Dishcloth and pokebox

I finished my crocheted dishcloth!  It actually went pretty quickly once I got the hang of it.  Now that I know what I’m doing, I might have to go and buy some more wool (or cotton, or cotton wool… you know what I mean) so I can make another one to have as a spare. But this time in a plain colour that’s a bit easier to see!

My super busy and social weekend continued yesterday with the Harvestbirds coming over for lunch.  I’d promised this to the mini-Harvestbirds a few weeks ago when Harvestbird dropped by to pick up the wee sewing machine (which she’s borrowing while deciding whether she wants to buy herself a machine), and they were most disappointed when they weren’t allowed to stay.  So I’d promised them that on my first free day they could come over.
It was a very nice lunch (with way too much food, as usual, but that’s what having friends over is all about!), followed by several complicated games involving various dolls that I kept getting the names wrong of, and which had particularly disturbing body types (especially the ones that were (apparently) human versions of My Little Ponies, and wore unfeasably large boots) – I never thought I’d look fondly on Barbie dolls as having presented a comparatively realistic body image!  Then the elder mini-HB declared it was time to play “that drawing game we played last time”, which I eventually worked out was the simplified version of Pictionary we’d came up with on a previous visit (probably about a year ago!).  So we arranged ourselves into teams (after much discussion of the fact that having kids vs adults probably wouldn’t work very well when one of the kids isn’t old enough to be able to read the cards yet…) and took turns drawing a word from the cards (generally selected by the adult on the teams to be the easiest for the children to ether draw or guess).
I love seeing how kids’ brains work as they play Pictionary or charades, or any of those games that rely so heavily on theory of mind.  It’s often not until the word is guessed before you can actually figure out what the picture was supposed to be, and how that relates in any way to the actual word – like when younger mini-HB was tasked with drawing a boat, so spent a very long time drawing water, but never actually got round to drawing the boat.  Or, best of all, when elder mini-HB had to draw a box, so drew a pokeball, and then something resembling a cat.
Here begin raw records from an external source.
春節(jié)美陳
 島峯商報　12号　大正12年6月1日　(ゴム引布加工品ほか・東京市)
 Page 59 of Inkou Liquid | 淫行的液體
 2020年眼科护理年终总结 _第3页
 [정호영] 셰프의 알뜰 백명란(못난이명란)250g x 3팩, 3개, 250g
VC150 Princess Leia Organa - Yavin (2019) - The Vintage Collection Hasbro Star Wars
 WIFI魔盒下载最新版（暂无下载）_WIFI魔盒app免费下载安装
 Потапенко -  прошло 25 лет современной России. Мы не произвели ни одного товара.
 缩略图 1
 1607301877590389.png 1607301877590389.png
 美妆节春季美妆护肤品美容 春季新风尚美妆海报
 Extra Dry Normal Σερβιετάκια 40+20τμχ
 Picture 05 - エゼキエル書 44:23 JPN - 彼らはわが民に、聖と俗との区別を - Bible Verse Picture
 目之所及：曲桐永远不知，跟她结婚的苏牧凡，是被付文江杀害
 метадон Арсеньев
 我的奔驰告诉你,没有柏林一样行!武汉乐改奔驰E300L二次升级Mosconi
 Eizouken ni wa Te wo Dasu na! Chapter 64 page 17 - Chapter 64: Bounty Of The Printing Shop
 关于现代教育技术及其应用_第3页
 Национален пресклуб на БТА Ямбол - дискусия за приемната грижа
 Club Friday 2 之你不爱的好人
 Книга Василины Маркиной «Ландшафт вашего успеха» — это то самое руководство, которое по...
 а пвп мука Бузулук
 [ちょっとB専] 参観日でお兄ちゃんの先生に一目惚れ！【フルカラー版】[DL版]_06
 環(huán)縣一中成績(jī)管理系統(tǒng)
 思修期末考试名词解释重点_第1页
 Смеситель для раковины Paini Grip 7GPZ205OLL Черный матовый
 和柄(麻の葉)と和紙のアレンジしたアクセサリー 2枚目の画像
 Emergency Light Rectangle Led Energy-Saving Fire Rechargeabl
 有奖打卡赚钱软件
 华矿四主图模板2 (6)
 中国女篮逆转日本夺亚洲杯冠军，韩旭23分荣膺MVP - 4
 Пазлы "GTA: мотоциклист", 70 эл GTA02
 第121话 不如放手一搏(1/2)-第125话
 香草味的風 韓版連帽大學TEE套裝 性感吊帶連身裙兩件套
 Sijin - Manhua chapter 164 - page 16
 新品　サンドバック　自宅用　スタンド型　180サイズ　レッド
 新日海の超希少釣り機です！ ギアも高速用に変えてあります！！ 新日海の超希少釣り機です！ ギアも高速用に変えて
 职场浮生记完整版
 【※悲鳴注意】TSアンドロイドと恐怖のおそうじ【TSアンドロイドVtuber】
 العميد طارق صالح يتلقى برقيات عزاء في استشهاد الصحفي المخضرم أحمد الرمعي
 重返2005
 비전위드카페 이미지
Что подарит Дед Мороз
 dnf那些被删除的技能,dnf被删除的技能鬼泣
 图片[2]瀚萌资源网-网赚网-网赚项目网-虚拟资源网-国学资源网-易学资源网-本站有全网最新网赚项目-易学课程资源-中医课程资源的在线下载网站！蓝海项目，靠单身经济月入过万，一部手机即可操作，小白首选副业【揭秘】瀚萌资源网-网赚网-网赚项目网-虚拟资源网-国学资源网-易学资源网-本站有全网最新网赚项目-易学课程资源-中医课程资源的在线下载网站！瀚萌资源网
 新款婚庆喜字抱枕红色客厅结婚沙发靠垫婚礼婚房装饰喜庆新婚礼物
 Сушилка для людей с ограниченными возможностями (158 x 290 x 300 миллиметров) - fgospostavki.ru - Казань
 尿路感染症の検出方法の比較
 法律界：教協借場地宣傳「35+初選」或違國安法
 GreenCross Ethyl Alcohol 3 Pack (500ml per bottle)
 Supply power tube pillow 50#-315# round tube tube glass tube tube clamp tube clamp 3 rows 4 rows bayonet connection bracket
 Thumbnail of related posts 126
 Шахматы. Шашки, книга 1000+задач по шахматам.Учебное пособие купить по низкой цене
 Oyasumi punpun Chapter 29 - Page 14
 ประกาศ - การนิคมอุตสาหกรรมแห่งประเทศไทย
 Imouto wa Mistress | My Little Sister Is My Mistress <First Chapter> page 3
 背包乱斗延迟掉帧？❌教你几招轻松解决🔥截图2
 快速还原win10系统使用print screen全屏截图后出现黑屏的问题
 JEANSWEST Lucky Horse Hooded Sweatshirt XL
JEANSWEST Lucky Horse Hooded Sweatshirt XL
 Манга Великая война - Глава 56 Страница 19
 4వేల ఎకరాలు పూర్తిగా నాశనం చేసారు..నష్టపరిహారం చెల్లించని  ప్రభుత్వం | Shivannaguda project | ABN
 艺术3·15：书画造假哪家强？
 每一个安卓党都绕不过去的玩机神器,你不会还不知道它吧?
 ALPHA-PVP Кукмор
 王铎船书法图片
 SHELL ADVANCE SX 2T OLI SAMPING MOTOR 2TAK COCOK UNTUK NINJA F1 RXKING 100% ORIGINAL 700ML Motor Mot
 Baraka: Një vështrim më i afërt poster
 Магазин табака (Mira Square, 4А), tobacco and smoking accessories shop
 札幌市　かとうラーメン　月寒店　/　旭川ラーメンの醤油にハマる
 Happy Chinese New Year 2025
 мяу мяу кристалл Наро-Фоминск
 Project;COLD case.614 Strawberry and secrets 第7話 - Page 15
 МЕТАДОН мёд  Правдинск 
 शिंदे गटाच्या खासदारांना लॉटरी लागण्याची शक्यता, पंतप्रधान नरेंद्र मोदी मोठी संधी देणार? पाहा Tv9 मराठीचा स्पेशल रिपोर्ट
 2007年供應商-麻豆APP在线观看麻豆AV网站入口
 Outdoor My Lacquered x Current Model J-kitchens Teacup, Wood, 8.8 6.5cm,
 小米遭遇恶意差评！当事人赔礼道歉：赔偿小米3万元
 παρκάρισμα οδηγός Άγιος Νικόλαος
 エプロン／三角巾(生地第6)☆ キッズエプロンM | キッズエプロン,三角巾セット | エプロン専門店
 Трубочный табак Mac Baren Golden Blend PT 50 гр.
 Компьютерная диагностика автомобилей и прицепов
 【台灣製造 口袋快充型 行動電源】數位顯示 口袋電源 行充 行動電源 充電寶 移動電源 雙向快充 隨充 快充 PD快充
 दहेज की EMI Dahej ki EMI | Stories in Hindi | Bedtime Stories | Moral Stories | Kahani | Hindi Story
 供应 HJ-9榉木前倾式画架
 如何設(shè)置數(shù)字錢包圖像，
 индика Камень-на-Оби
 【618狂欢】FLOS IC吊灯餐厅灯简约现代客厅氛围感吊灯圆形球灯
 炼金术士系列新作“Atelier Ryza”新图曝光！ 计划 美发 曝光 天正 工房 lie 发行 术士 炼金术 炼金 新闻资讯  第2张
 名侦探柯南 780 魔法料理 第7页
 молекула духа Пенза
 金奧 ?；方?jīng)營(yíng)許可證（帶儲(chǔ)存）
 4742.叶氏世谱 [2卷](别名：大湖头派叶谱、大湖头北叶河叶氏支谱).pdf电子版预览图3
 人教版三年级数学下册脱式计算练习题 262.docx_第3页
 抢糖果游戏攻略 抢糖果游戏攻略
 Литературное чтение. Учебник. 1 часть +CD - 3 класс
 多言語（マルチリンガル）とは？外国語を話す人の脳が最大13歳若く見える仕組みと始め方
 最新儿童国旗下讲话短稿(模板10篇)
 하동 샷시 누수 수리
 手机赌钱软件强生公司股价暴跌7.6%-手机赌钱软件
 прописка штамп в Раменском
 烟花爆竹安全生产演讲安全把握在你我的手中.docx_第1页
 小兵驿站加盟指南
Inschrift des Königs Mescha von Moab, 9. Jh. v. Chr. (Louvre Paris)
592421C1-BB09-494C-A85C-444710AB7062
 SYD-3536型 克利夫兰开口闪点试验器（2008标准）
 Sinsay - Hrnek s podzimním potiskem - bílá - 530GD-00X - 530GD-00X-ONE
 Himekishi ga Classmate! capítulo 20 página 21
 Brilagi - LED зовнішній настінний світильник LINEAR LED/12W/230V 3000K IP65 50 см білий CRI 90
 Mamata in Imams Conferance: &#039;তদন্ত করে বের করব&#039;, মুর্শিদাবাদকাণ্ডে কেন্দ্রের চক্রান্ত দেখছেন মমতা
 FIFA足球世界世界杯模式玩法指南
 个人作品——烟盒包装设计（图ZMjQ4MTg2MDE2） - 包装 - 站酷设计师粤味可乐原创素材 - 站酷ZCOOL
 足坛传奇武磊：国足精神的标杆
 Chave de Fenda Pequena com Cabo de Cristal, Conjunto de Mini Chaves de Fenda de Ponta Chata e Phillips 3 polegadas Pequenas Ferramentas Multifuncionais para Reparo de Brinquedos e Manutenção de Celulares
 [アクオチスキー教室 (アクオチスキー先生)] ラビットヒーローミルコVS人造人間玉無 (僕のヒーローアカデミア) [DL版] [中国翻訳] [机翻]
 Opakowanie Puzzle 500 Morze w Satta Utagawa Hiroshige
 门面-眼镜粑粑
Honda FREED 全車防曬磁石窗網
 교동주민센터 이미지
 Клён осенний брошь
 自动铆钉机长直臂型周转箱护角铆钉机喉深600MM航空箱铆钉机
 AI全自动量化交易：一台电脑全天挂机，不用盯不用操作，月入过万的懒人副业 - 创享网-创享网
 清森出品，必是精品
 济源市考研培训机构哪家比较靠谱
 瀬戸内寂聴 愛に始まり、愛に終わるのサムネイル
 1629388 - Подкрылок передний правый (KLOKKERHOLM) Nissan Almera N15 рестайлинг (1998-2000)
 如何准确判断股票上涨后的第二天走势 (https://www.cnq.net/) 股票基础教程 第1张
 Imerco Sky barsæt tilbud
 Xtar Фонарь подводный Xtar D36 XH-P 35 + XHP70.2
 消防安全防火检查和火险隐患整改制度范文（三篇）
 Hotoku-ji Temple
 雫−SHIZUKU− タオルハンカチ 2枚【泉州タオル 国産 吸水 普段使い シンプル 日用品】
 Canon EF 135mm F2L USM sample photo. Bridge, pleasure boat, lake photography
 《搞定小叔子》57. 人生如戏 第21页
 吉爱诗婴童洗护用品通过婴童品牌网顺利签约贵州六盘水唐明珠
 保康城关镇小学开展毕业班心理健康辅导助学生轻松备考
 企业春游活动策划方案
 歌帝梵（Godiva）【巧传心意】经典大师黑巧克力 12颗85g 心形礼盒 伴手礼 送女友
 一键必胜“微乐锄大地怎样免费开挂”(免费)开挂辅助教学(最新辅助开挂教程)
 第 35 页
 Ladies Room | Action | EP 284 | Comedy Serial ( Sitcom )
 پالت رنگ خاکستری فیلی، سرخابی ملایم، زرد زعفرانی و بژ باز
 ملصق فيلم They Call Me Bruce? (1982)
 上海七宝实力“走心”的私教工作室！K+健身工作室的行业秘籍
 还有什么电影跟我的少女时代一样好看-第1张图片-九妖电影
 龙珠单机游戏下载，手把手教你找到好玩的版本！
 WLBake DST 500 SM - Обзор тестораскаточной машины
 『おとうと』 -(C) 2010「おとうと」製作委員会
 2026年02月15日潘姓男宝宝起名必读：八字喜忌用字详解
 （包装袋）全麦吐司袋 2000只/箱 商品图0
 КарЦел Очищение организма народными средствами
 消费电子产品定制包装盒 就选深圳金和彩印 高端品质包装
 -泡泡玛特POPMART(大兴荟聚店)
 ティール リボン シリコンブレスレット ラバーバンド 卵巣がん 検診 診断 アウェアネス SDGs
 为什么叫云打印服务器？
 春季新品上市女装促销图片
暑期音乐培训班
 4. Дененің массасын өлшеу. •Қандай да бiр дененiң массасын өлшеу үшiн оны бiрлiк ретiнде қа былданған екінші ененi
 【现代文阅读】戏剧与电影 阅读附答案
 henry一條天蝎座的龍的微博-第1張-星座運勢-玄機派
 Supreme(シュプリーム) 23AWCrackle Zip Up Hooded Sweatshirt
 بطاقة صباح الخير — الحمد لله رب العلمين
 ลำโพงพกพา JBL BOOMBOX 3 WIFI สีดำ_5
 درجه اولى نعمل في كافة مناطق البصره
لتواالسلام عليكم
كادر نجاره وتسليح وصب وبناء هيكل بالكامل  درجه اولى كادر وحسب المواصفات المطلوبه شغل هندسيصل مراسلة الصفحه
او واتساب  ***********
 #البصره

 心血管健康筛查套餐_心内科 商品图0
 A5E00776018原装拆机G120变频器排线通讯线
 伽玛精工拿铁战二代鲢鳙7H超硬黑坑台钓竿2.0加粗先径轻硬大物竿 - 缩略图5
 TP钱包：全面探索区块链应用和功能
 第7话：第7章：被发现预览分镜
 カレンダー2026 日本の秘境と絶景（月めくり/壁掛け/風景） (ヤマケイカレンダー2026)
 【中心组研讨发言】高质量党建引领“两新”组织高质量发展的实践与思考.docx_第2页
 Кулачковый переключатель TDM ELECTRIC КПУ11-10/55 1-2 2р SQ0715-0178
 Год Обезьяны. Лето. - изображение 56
We spent a long time guessing various pokemon creatures (assuming she’d got bored with the word on the card and decided to draw something else, because I knew my edition of the game long pre-dated pokemon!) before realising that the cat-thing was actually supposed to be a box with its top flaps open, and the pokeball wasn’t capturing it, but being put in the box.  The logic of the drawing was impeccable.  To a six-year-old.